Re: [PATCH v2] Add /proc/pid_gen

From: Mathieu Desnoyers
Date: Thu Nov 22 2018 - 10:27:25 EST


----- On Nov 21, 2018, at 7:30 PM, Daniel Colascione dancol@xxxxxxxxxx wrote:
[...]
>> > >
>> > > The problem here is the possibility of confusion, even if it's rare.
>> > > Does the naive approach of just walking /proc and ignoring the
>> > > possibility of PID reuse races work most of the time? Sure. But "most
>> > > of the time" isn't good enough. It's not that there are tons of sob
>> > > stories: it's that without completely robust reporting, we can't rule
>> > > out of the possibility that weirdness we observe in a given trace is
>> > > actually just an artifact from a kinda-sort-working best-effort trace
>> > > collection system instead of a real anomaly in behavior. Tracing,
>> > > essentially, gives us deltas for system state, and without an accurate
>> > > baseline, collected via some kind of scan on trace startup, it's
>> > > impossible to use these deltas to robustly reconstruct total system
>> > > state at a given time. And this matters, because errors in
>> > > reconstruction (e.g., assigning a thread to the wrong process because
>> > > the IDs happen to be reused) can affect processing of the whole trace.
>> > > If it's 3am and I'm analyzing the lone trace from a dogfooder
>> > > demonstrating a particularly nasty problem, I don't want to find out
>> > > that the trace I'm analyzing ended up being useless because the
>> > > kernel's trace system is merely best effort. It's very cheap to be
>> > > 100% reliable here, so let's be reliable and rule out sources of
>> > > error.
>> >

[...]

I've just been CC'd on this thread for some reason, so I'll add my 2 cents.

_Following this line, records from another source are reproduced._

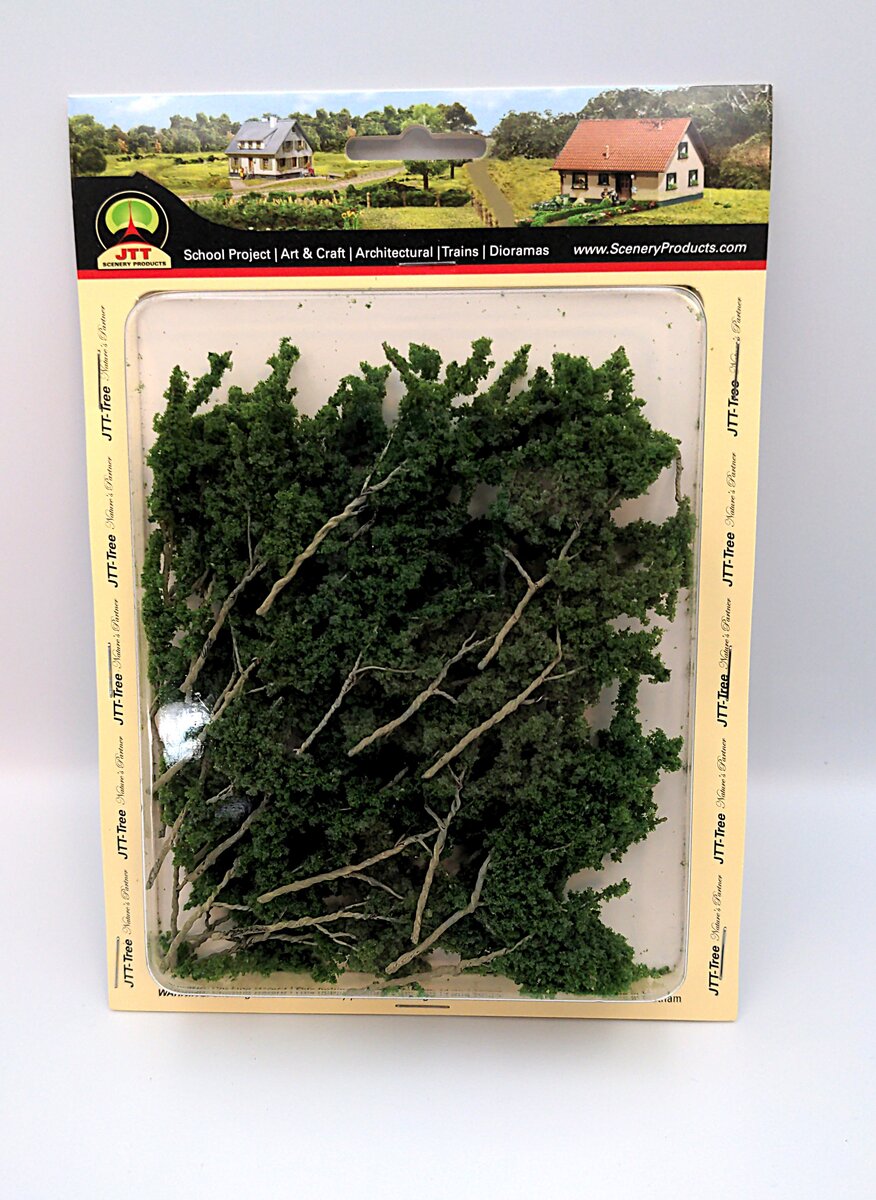 JTT Scenery Products 95518 1.5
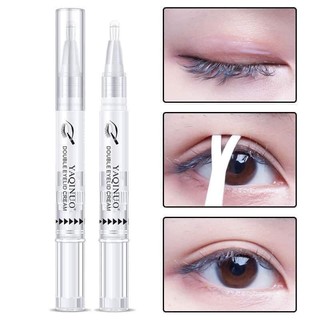 GEL KÍCH MÍ YAKINO mini SS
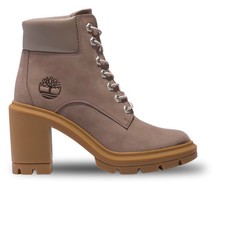 STIVALI TIMBERLAND ALLINGTON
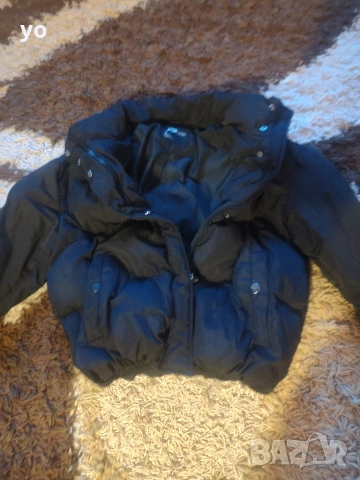 Якета различни размери , снимка 3 - Якета - 54018448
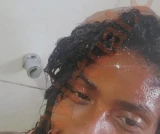 Cassiane, acompanhante em Atibaia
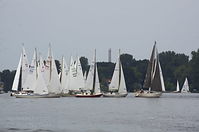 Dateiname=Segelboot-20130817-162a.jpg
Dateigröße=117KB
Abmessungen: 880x584
hinzugefügt am: 08. Januar 2016 Segelboot-20130817-162a.jpg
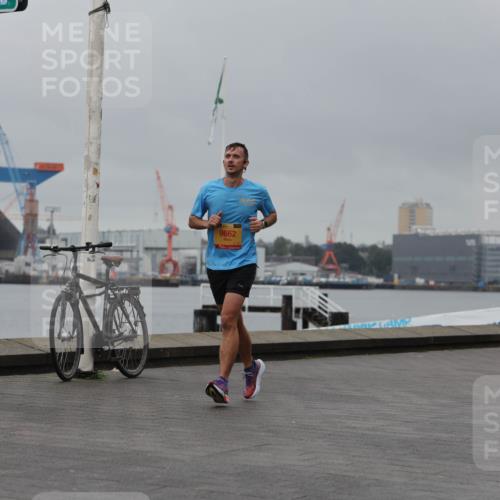 13.09.2026 - Kiel Lauf Andreas Tolksdorf http://msf.ph/oto/10478202 13.09.2026 11:51:30 Kiellinie 9662, 4, 314 meine-sportfotos.de
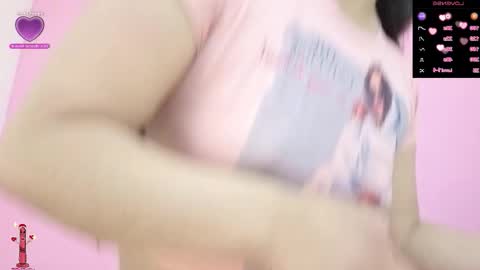  Hi guys they find me like althea moore online show from 02-22-26, 04:57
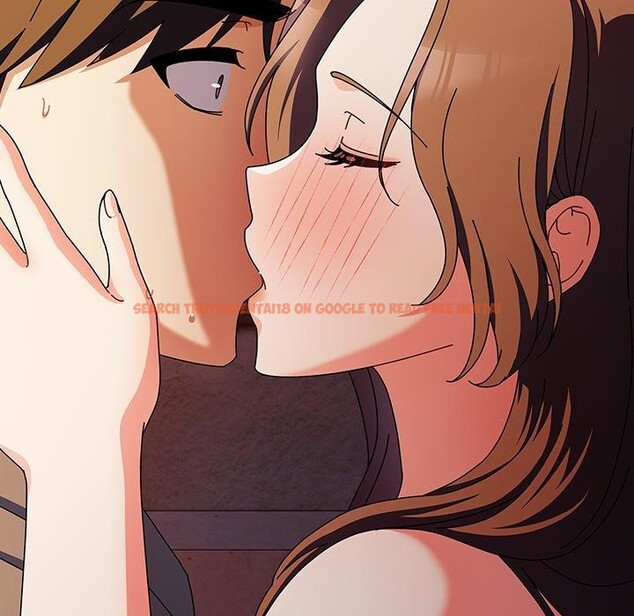 查看漫画請弄臟我的女朋友 - 第6話 - www.tymanga.com中的3385251图片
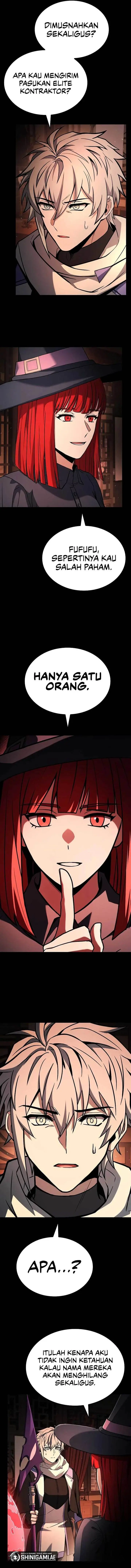 image-komik-the-constellations-are-my-disciples-chapter-109-6/16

WHIW, I think using /proc to add stateful information to a time-based
trace is the wrong way to do things. Here, the fact that you need to
add a generation counter struct pid_namespace and expose it via /proc
just highlights its limitations when it comes to dealing with state
that changes over time. Your current issue is with PID re-use, but
you will eventually face the same issue for re-use of all other resources
you are trying to model. For instance, a file descriptor may be associated
to a path as some point in time, but that is not true anymore after a
sequence of close/open which re-uses that file descriptor. Does that
mean we will eventually end up needing per-file-descriptor generation
counters as well ?

LTTng solves this by dumping the system state as events within the
trace [1], which associates time-stamps with the state being dumped.
It is recorded while the rest of the system is being traced, so tools
can reconstruct full system state by combining this statedump with the
rest of the events recording state transitions.

So while I agree that it's important to have a way to reconstruct
system state that is aware of PID re-use, I think trying to extend
/proc for this is the wrong approach. It adds extra fields to struct
pid_namespace that seem to be only useful for tracing, whereas using
the time-stamp at which the thread/process was first seen in the trace
(either fork or statedump) as secondary key should suffice to uniquely
identify a thread/process. I would recommend extending tracing
facilities to dump the data you need rather than /proc.

Thanks,

Mathieu

[1] http://git.lttng.org/?p=lttng-modules.git;a=blob;f=lttng-statedump-impl.c;h=dc037508c055b7f61b8c758d581bd0178e26552a;hb=HEAD


--
Mathieu Desnoyers
EfficiOS Inc.
http://www.efficios.com